I posted a question on here Sat night about my non stop crying when my boyfriend came over to say goodbye before he left to work and live away. (I stopped crying on Sunday!) Pathetic!!!
Anyway on his leaving he promised me he would make an effort (as he doenst want to loose me!) , text, or ring. But its only Wednesday, and he has made b*gger all effort. Only replies if I text, and sometime doesnt even bother replying. Giving me some excuse, that he has been busy. Which he may have been, but I think he has just been out with his brother who he is living with.
So now I look like some maniac!
What shall I do? Just forget him?
My apologies for going on and on about this. But I really am confused.
Know it's not what you want to hear but since he knew how upset you were and promised to make an effort but hasn't already, I think it would be better for you in the long run to accept now that it's over. Hope you cope with whatever you decide
sorry babe but i think he's making his feeling clear, if it was me i wouldn't text or call and just get on with my life, sorry if that's harsh but fromyour previous posts , he's decided to go and start a new life, you need to do the same, again sorry i know it easier said than done, take care xx
Suzy and mccfluff, these are the answers I need to hear, as I cannot get them into my head. I am confused as he was so lovely at the weekend.

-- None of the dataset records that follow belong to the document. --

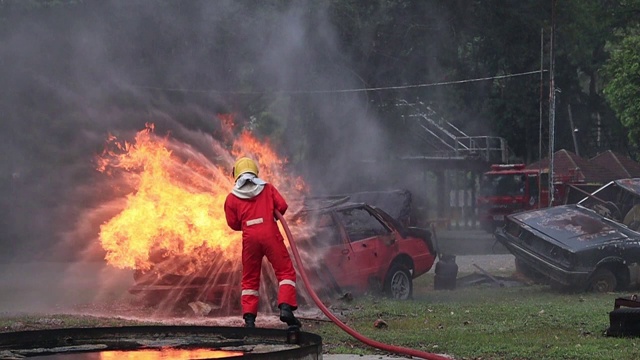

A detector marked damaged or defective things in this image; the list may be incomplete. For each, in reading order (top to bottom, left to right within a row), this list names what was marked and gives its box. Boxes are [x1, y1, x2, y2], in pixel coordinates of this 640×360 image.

abandoned vehicle [498, 178, 640, 292]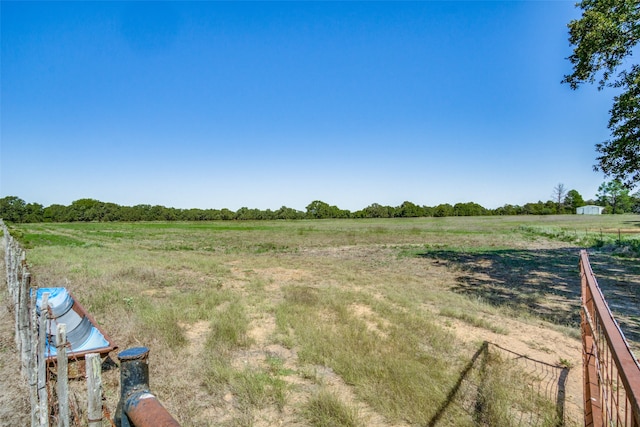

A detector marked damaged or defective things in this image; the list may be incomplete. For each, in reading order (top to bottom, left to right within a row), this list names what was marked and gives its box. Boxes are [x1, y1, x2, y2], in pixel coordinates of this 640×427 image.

rusty metal post [114, 348, 180, 427]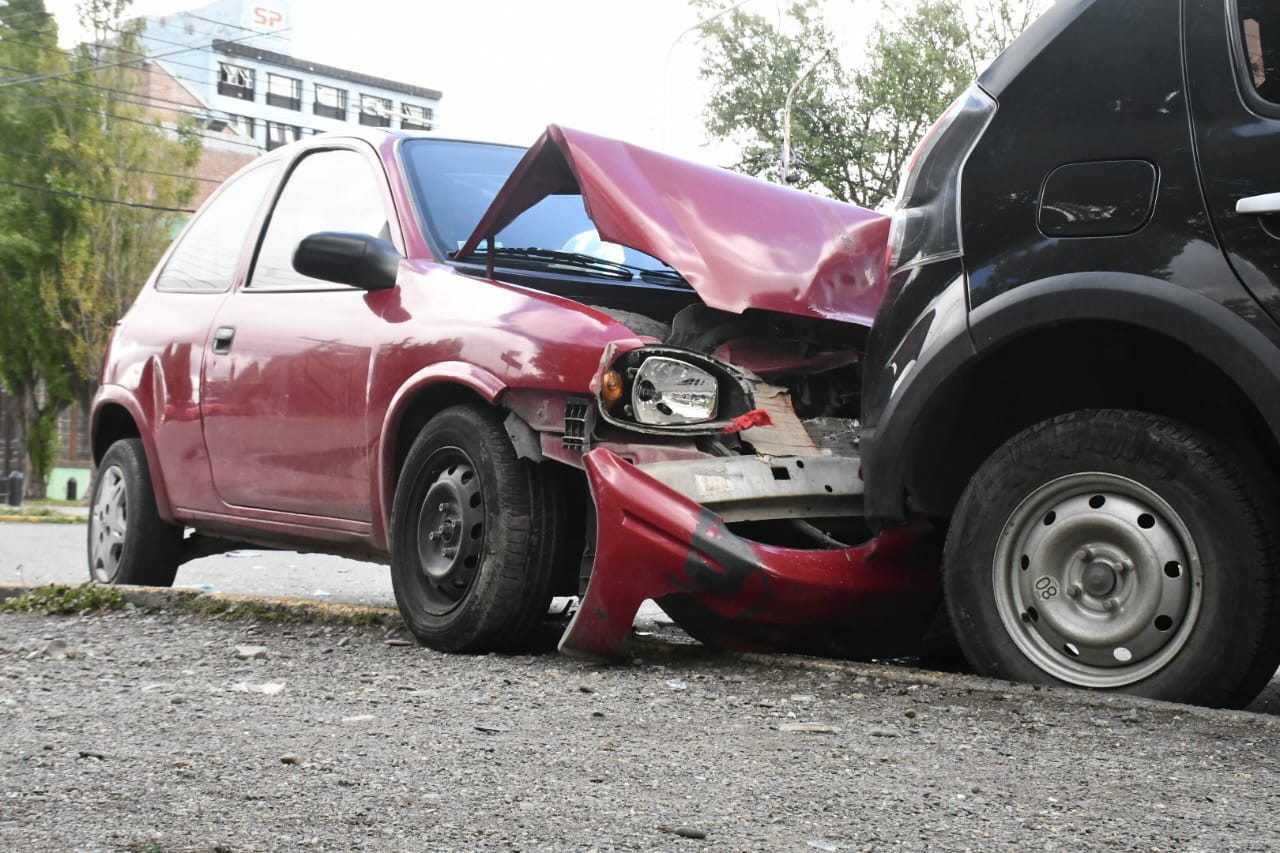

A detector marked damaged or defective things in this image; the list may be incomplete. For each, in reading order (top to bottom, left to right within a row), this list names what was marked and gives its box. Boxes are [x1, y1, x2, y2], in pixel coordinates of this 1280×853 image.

crumpled hood [460, 124, 888, 326]
broken headlight [632, 356, 720, 426]
damaged front bumper [560, 450, 940, 664]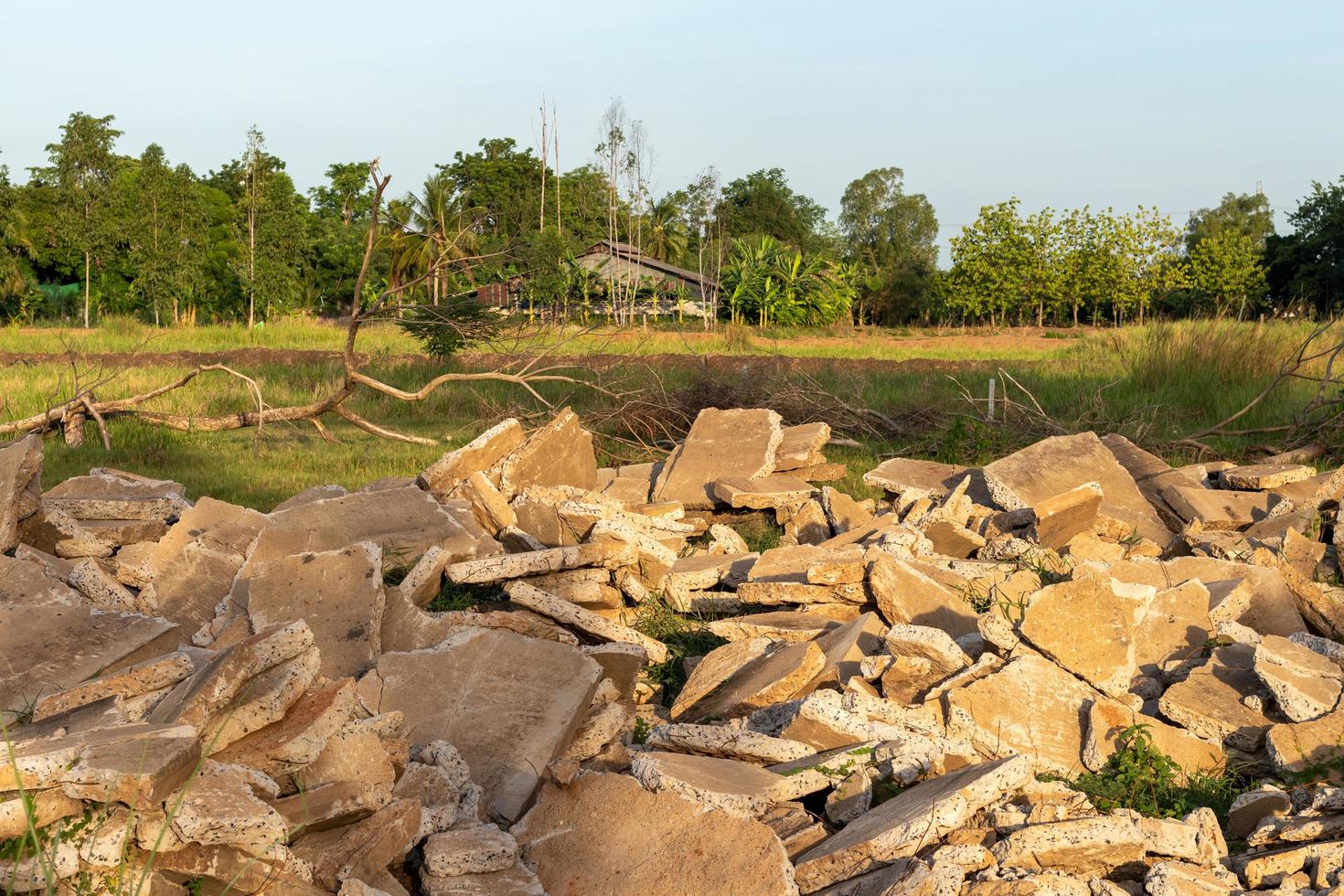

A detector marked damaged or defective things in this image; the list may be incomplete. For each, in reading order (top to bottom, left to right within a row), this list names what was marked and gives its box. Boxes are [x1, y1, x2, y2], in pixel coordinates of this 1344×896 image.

broken concrete slab [653, 408, 784, 510]
broken concrete slab [984, 430, 1171, 542]
broken concrete slab [355, 628, 602, 822]
broken concrete slab [510, 773, 784, 896]
broken concrete slab [790, 763, 1031, 891]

But has been very distant to the run up to him moving. He said it was stress! But he didnt think about the stress it was causing me. I guess
I think that that is the crux of it - he isn't thinking about you and your feelings or trying to make this an easy transition for you. Being nice while he is there is much easier than putting himself out now he is gone.. and he doesn't seem to be doing that. I am terrible myself for hanging on in relationships in the past because I still loved them and was able to kid myself that things would work out when they wouldn't but what helped me see it more clearly sometimes is imagining what advice I would give a friend in the same position - would you tell them it was time to move on? Probably I'm afraid
Suzy, yes I too am a person to hang on in relationships. And yes if a friend was asking me "my question" I would tell them to move on. Even though this is a long distance relationship. A big part of me is thinking ,its better than no relationship.
That makes me look pretty sad. Oh and I texted him at 7 and asked if he wanted to chat on the phone, and he has not replied. :(
Long distance relationships only work with a lot of effort on both parts I'm afraid and a relationship that makes you unhappy can't be better than being on your own til someone comes along who will put you first
I am worried that you are thinking things about him already and he has been gone for such a short period of time. This implies that you don't trust him. In that case is it worth hanging on to a relationship where there is no trust?
He has only just moved, I am sure there are loas of things that he needs to do, however, he should have contacted you and to ignore you is downright rude.
My advice is think verycarefully about what you want to do, I personally would probably end it to allow you to get on with your life and not wait around for him like you seem to be - but then its such early days. may be give it some time.
mccfluff, thank you again. I feel so low about all this. And he just moves on (we had been together over 3 years) and its like I never exsisted to him. I really want to hate him. But I cant. How stupid am I?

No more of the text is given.